When Springboard Engineering moved into the 1970s vintage building, the roof was in poor condition. Bare metal was exposed throughout the facility’s ceiling, and the leaky roof allowed the heated air to escape the building at a quicker rate than the facility’s natural gas heaters could keep up. The roof’s poor quality made the work environment drafty and uncomfortable for employees and also resulted in higher-than-necessary operating costs.
As a temporary roof solution, Bruntz used an external water sealant. However, testing appliances create humidity, and without a properly insulated roof, the humidity would turn into indoor rain. This would ultimately ruin the facility’s ceiling over time. Bruntz wanted a long-term solution to reduce his energy costs and improve the comfort of his employees’ work environment.
Closed-cell spray polyurethane foam was installed throughout the roof of Springboard Engineering’s 40,000-square-foot building. The project was split into two phases. When complete, the foam increased the facility’s R-Value to 17, up from its initial R-Value of 3. The foam has among the highest R-Values of available insulation options and provides an efficient air barrier, low moisture vapor permeability and high resistance to water. (Insulating effectiveness is rated on thermal resistance or resistance to heat flow, known as “R-value.” The R-value is a factor of the type of material, its thickness and its density. The greater the R-value, the greater the insulation’s effectiveness.)

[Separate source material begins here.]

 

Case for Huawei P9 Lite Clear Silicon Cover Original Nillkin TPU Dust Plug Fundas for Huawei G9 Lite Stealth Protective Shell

Springboard Engineering worked with Pella Roofing & Insulation, Inc. to submit a project proposal to us for approval to participate in the Commercial Custom program. Our reviewed the project’s cost and energy savings to determine program eligibility.
For the first phase, spray foam was installed in the front of the structure where offices for administrative and engineering personnel are located. The first phase of the project was completed in November 2008, and the entire process — including applying for the rebate, installing the insulation and receiving the rebate — took about a month and a half.

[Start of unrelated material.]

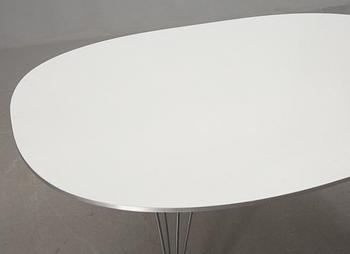 BORD, "Superellips", Piet Hein och Bruno Mathsson, Fritz Hansen, etikettmärkt 1988.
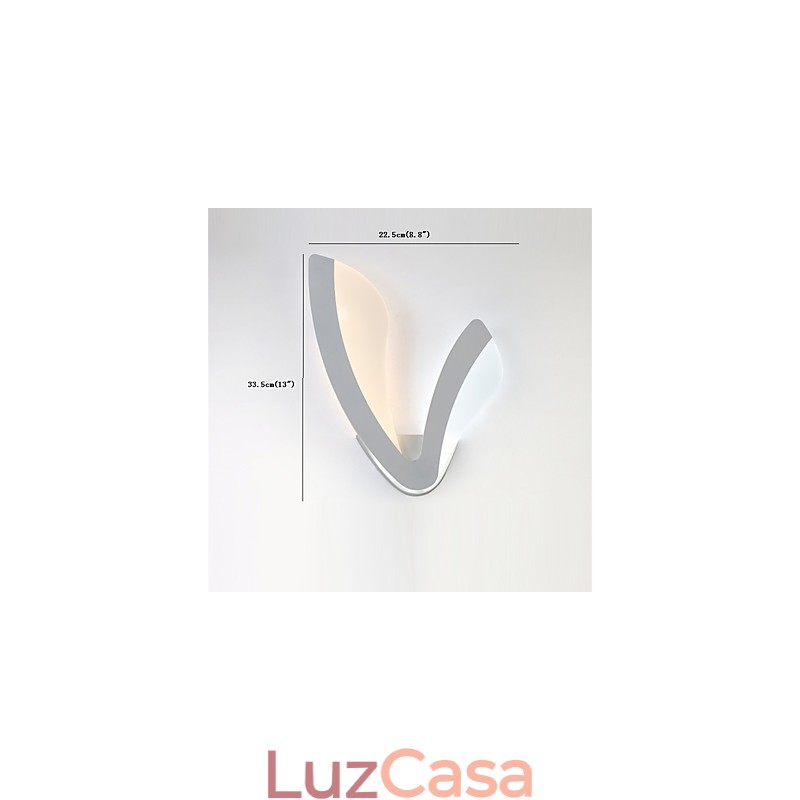 Luminárias de parede modernas estilo simplicidade iluminação acrílica sala de estar corredor quarto quartos de hotel lâmpada de cabeceira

The second phase of the project was a similar process. Roof insulation was installed on the west end of the structure where the appliance and product testing areas are located. Bruntz applied for another rebate for the second phase, and after completing the work, received a rebate check from us just a few weeks later.
For both phases, a reflective coating was added over the top of the spray polyurethane foam. Adding this coating to Springboard Engineering’s galvanized metal roof reduces the roof’s temperature — by as much as 30 to 40 degrees — which reduces the demand load on the high-velocity air conditioning units during the summer months.